Constructing a 3D in Vitro Embryo Implantation Model

Implantation failure remains an unsolved obstacle in reproductive medicine and is a major cause of infertility. An in vitro model was established to mimic the events in the uterine wall during the implantation process. To that aim, endometrial cells were seeded into alginate macro-porous scaffolds and cultured under sequential hormonal treatment, mimicking the typical menstrual cycle. Two endometrial cell lines, either RL95-2 or HEC-1A, were used, displaying receptive and non-receptive endometrial properties, respectively. Cell constructs were evaluated for E-cadherin mRNA expression levels by qPCR and for E-cadherin protein expression by specific immuno-staining and Western blot. JAR spheroids, utilized as embryo-like tissue models, were seeded on 3-week old cell constructs and their attachment to the 3D tissue model was examined to test endometrial tissue receptivity.
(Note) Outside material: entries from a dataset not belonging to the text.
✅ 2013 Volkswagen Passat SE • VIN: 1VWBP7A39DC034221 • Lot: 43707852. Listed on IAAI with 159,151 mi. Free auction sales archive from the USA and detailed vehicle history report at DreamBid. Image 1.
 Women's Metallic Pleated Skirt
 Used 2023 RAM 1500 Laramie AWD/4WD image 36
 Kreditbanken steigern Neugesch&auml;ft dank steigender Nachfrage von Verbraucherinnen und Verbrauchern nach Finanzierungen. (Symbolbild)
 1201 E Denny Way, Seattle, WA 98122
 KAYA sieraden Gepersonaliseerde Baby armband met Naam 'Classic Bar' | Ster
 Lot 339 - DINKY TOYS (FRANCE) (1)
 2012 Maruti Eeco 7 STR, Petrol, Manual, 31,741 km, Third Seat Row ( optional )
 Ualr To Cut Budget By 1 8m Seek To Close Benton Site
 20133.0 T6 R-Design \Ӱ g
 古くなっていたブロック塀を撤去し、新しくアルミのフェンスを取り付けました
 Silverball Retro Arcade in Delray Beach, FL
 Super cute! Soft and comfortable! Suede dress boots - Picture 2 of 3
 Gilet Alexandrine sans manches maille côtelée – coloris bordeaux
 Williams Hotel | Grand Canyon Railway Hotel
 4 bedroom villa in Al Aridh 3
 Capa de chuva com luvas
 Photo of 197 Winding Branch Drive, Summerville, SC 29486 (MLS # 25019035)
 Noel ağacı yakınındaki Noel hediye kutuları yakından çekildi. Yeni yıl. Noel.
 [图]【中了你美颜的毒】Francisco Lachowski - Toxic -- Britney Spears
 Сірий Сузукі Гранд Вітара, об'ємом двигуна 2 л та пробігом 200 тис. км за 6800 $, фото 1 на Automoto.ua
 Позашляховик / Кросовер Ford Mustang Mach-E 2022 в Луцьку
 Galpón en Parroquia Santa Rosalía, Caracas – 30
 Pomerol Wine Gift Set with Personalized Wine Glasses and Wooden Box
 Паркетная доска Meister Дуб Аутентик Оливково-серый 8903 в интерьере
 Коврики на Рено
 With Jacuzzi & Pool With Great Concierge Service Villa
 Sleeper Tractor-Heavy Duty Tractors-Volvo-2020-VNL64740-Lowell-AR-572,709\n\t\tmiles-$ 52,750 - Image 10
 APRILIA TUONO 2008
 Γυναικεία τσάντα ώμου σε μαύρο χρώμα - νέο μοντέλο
Cultivation under 3D conditions within macro-porous alginate scaffolds enabled long-term endometrial culture for at least 3 weeks under hormonal treatment. E-cadherin mRNA expression was significantly higher in the 3-week old RL-95 cell constructs compared to HEC-1A cell constructs. Attachment of JAR spheroids to 3-week old RL95-2 culture was confirmed, whereas no such attachment was evident in HEC-1A. Moreover, transfecting HEC-1A cells with Estrogen receptor a restored JAR spheroid attachment. This 3D model provides insight into the regulatory mechanism of the implantation process and enables examining potential novel therapeutic strategies for repeated implantation failure.